DUBLIN (Reuters) - Ireland is set to ease austerity in a 2014 budget to be unveiled on Tuesday, attempting to give hard-pressed voters a break as it gets ready to end its dependence on an international bailout later this year.

Dublin is using savings from a landmark deal on its bank debt to make fewer cuts than originally planned for a population of 4.6 million that is weary of six years of tax hikes, spending cuts, high unemployment and hefty debts.

Having consistently hit targets to rebalance its economy, Ireland is confident it will be the first of the euro's debt-laden economies to complete a three-year European Union/International Monetary Fund bailout programme in December.

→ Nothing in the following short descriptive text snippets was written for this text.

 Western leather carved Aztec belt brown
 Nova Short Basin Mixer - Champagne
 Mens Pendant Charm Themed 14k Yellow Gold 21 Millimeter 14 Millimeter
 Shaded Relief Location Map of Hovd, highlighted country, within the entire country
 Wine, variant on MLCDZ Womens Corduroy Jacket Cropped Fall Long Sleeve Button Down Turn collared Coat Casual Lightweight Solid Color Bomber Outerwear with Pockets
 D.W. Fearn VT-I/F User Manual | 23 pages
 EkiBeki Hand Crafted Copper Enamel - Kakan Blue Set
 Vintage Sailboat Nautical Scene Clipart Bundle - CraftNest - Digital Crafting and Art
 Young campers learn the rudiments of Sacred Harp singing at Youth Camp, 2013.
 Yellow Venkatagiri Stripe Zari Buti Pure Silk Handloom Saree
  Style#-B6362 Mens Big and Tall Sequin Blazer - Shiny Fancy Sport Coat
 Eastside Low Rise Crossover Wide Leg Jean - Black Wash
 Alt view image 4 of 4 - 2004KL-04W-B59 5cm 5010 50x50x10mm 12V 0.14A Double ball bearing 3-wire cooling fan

That will be a vital landmark for the centre-right-led coalition government to show it is regaining economic sovereignty and Brussels to claim its austerity policies are bearing fruit.

"Growth momentum is picking up, with a possible carry over into 2014," said Alan McQuaid, chief economist at Merrion Stockbrokers. "Markets will probably see it as a final step towards exiting the bailout."

By making smaller cuts, Finance Minister Michael Noonan is going against advice from his own central bank and initial misgivings from the EU and IMF. But given Ireland has hit all its targets, it is unlikely to complicate completion of the 85 billion euro (72.1 billion pounds) bailout.

Noonan has already revealed a lot of the economic forecasts the country's seventh austerity budget since 2008 will be based on, saying the adjustment will be 2.5 billion euros, substantially less than the 3.1 billion originally agreed.

He expects economic growth to accelerate to 1.8 percent in 2014 from 0.2 percent this year, which will help to bring the budget gap down to a targeted 4.8 percent of gross domestic product, below a 5.1 percent target agreed with lenders.

Noonan, whose budget plans will again focus more on spending cuts than tax hikes, forecasts a 7.3 percent deficit this year, still one of the highest in the EU, and aims to deliver a small primary budget surplus in 2014.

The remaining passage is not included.